Just one day after the Bruins’ regular season ended on a disappointing note, general manager Don Sweeney provided an update on three injured players that should have fans of the team feeling optimistic. As Sweeney mentioned, Rick Nash, Riley Nash and Sean Kuraly are all working and could be ready to go if called upon for Game 1 of the playoffs Thursday against the Toronto Maple Leafs.
Recapping the Bruins Most Recent Injuries
Rick Nash, the Bruins second-line since being acquired at the trade deadline from the New York Rangers, has been out of action since being sidelined with a concussion following contact to his head on Mar. 17. He was close to returning for the team’s regular-season finale against the Florida Panthers and should be ready to go for Game 1.
Riley Nash took a slapshot from teammate Torey Krug that caught him in the ear, resulting in upwards of 40 stitches. He skated for the first time Monday following the incident that occurred on Mar. 31. A key part of the Bruins roster, it would be hard to imagine the team not inserting him into the lineup as soon as he’s ready to return.

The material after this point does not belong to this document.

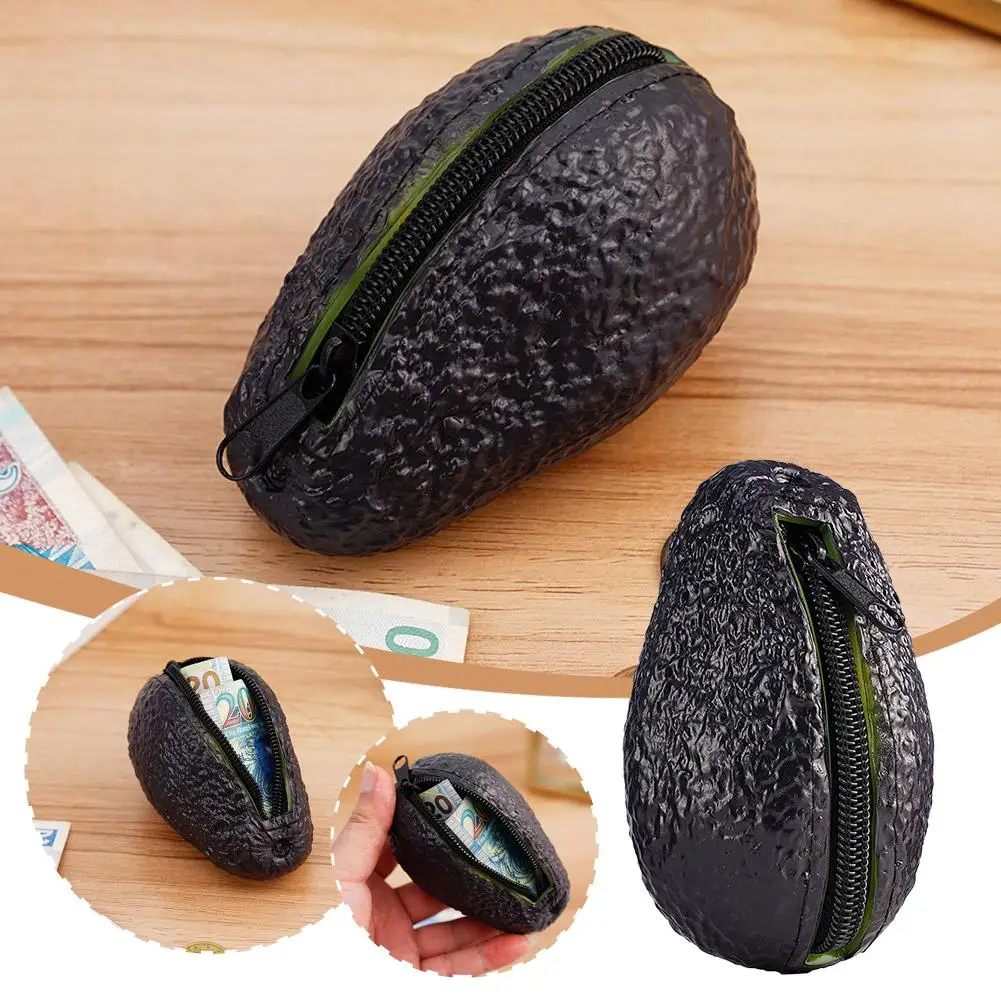 Creative Avocado Shape Mini Coin Purse Wallet Bag Pouch Novelty Portable Storage Girls Fun Handbag Bag Zipper Pocket Gift Z7T8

Kuraly has been out of action since Mar. 27. When he eventually returns to full health, the Bruins will have to make a decision on who plays on their fourth line and who sits. As valuable as Kuraly has been in his rookie season, it wouldn’t be surprising to see the team role with other options for their first postseason contest this year.
Bruins Still Hurting
While all three of these players could find themselves healthy enough to contribute for the Bruins, the team is still down a huge part of their team (both figuratively and literally) following the loss of 6 foot 5, 203-pound defender Brandon Carlo. The 21-year-old sophomore defender suffered a season-ending ankle injury at the end of March and will be out of action until well after the postseason is over.
Carlo may not have had an encouraging second season following his impressive breakout year as a rookie, but his importance to the team was often understated this season. Not only was he a key piece in the team’s top-four all year, but he was also a huge minute-eater. Logging an average 19:14 of ice time per game, including 2:47 of shorthanded time (24th in the league, second on the Bruins), Carlo’s ability to contribute was vastly underappreciated by fans of the team when he was healthy.
The Bruins did prepare for injuries at the trade deadline with the acquisition of Nick Holden from the New York Rangers at this year’s trade deadline, though it doesn’t make the loss any less significant. Still, dwelling on the past won’t do this team any good. For that reason, the club should take the impending return of the three forwards as a win and use that as positive motivation moving forward.
As mentioned, the team hasn’t had much time to celebrate being healthy this season. With a grueling postseason ahead of them, they likely won’t remain fully healthy for long, either. Entering the postseason with so few injuries to their core should be seen as a blessing after the season this team has endured.
Another important note about the potential return of the three forwards is the fact that the Bruins are getting a key piece of three different forward lines back as a result.
Better Lines Make for Better Games
Rather than starting Tommy Wingels or Brian Gionta on the third line, the Bruins will get to re-insert Rick Nash to the second line, Danton Heinen and David Backes to the third line and Wingels and Gionta to the press box as insurance policies. Nash will also help in his return, regardless of whether he’s inserted on the team’s third line (a line he experienced a ton of success in this season) or on the team’s fourth line if Ryan Donato remains on the team’s third line.
Regardless of who plays where for the Bruins, the addition of both Rick and Riley Nash makes the life of head coach Bruce Cassidy much easier moving forward. It’s part of what’s made this Bruins team so hard to play against this season and has the potential to make all the difference in the postseason following a slow and unencouraging end to the regular season.
With the exception of the Winnipeg Jets, you would be hard-pressed to find a better forward group in the NHL than the Boston Bruins. With that type of talent, it would be disappointing for this team to allow their recent sluggish stretch to continue in the playoffs following such a dominant regular season. The Bruins have all the tools and they are finally getting healthy. If they can put it all together, they should be considered legitimate contenders for the Stanley Cup this season.